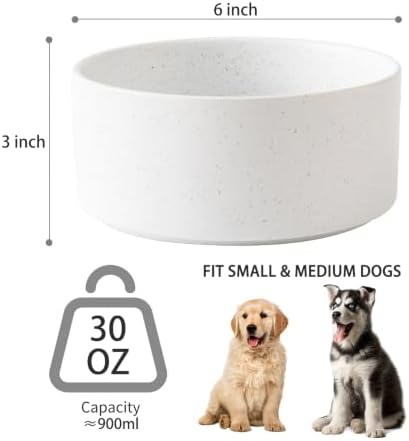 6'' Ceramic Dog Bowl - 30Oz Classic Dogs Food & Water Bowl for Small and Medium Breed Dogs, Heavy Duty Non-Slip Dog Dishes, Food Grade Pet Bowl, Dishwasher & Microwave Safe, Speckled White - Image 3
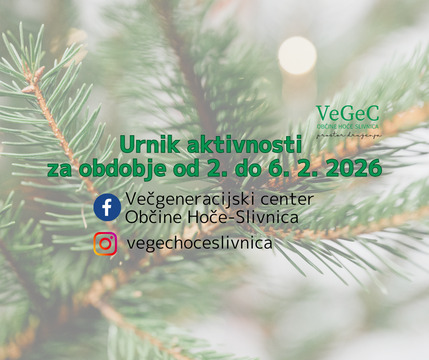 Urnik aktivnosti VeGeC OHS za obdobje od 2. do 6. 2. 2026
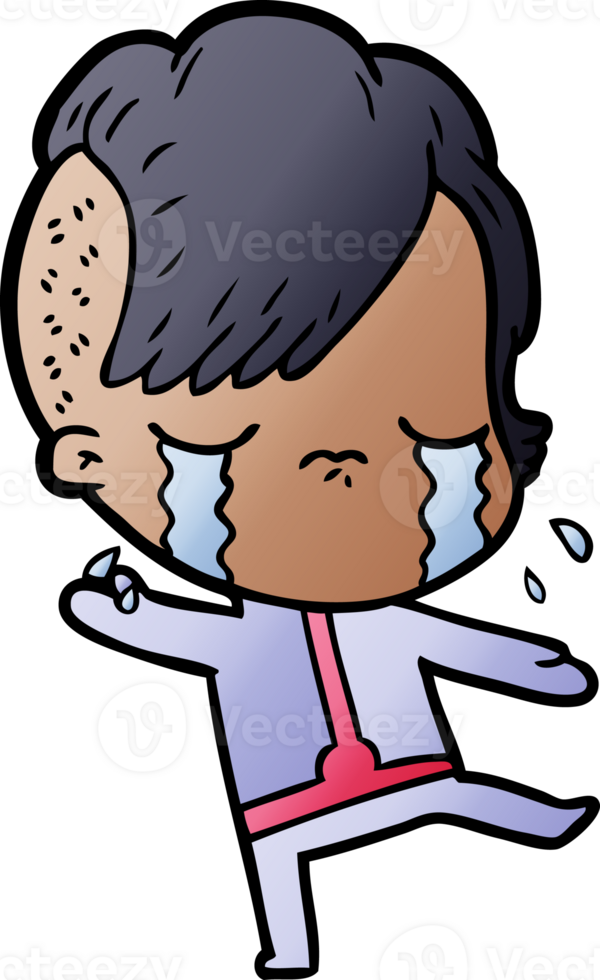 cartoon crying girl wearing space clothes png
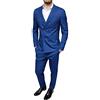 Evoga Abito Uomo Sartoriale Completo Vestito Doppiopetto gessato Elegante Cerimonia (46, Blu)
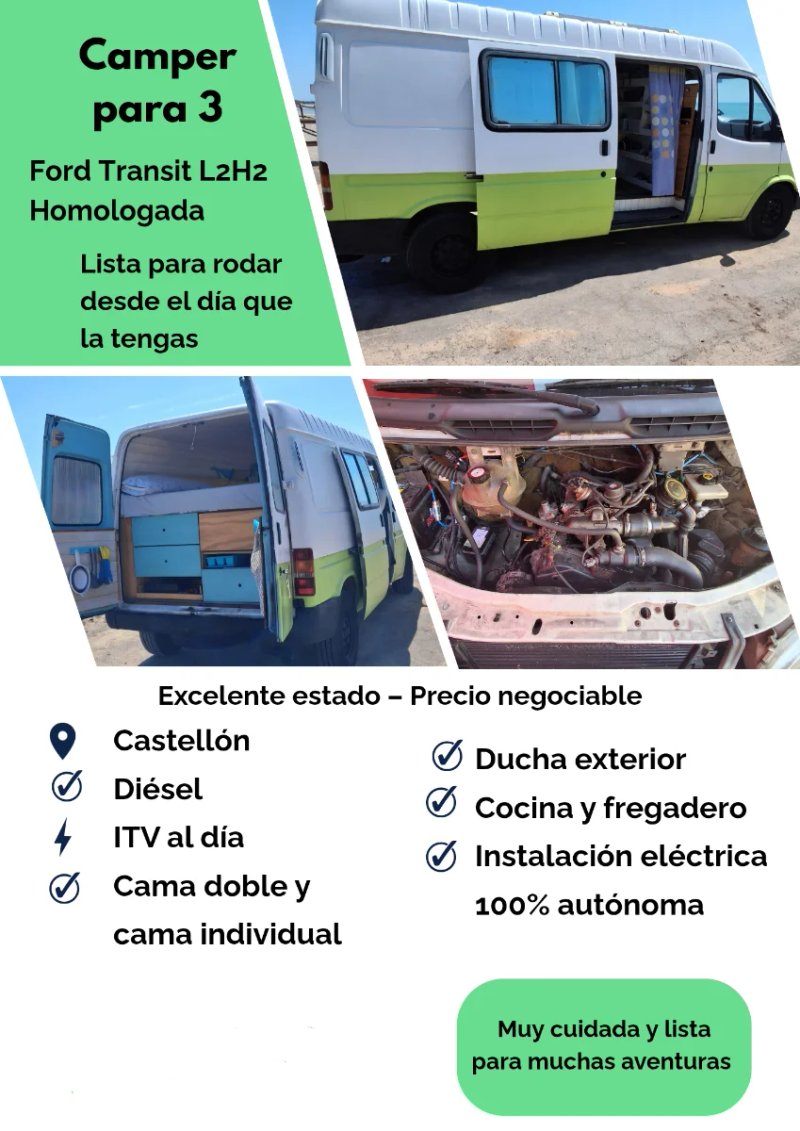 FORD TRANSIT L2H2 CAMPER HOMOLOGADA 3 PLAZAS - foto 1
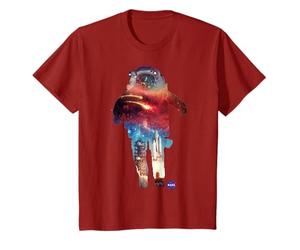 NASA Astronaut Space Nebula Launch Silhouette Maglietta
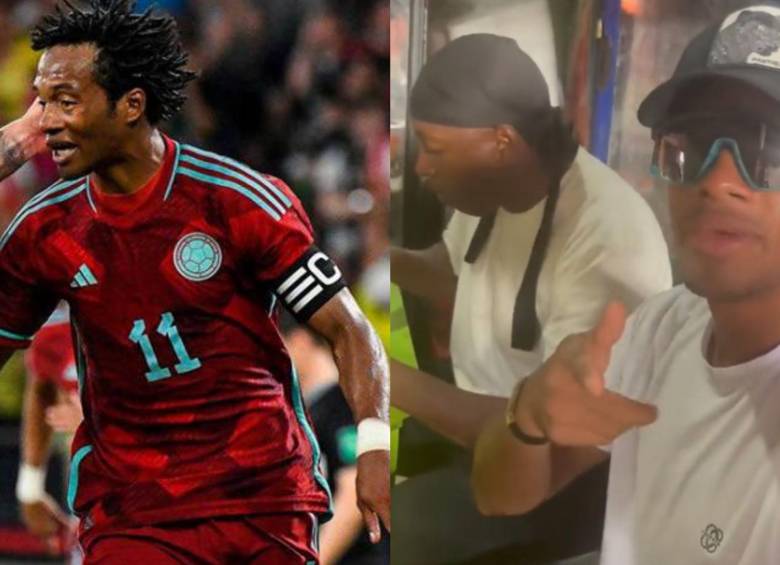 El influencer Polibamba y Juan Guillermo Cuadrado, disfrutando de los platos más típicos de esta región. FOTO: FCF y Captura video historias de Instagram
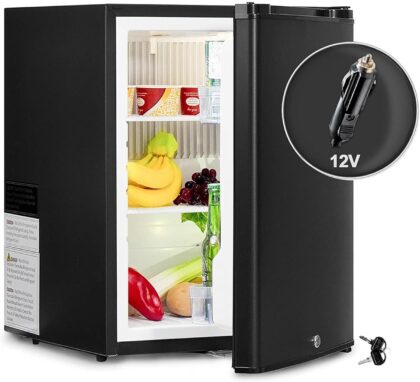 SMAD Mini RV Fridge 12V 110V Refrigerator Semi Truck Freightliner Cascadia 1.6 Cu.ft Black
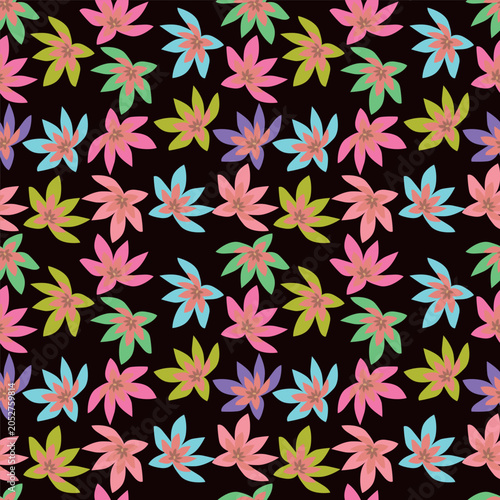 Seamless floral pattern, cute ditsy print with small pink flowers, leaves on purple background. Pretty botanical design for fabric, paper and other surfaces. Vector illustration.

→ **TASK**
A word-for-word repeat is expected of the lines from the one with "SMAD Mini RV" to the end of the data, both included; pictures are not part of it.

→ **TASK ANSWER**
 SMAD Mini RV Fridge 12V 110V Refrigerator Semi Truck Freightliner Cascadia 1.6 Cu.ft Black
 Seamless floral pattern, cute ditsy print with small pink flowers, leaves on purple background. Pretty botanical design for fabric, paper and other surfaces. Vector illustration.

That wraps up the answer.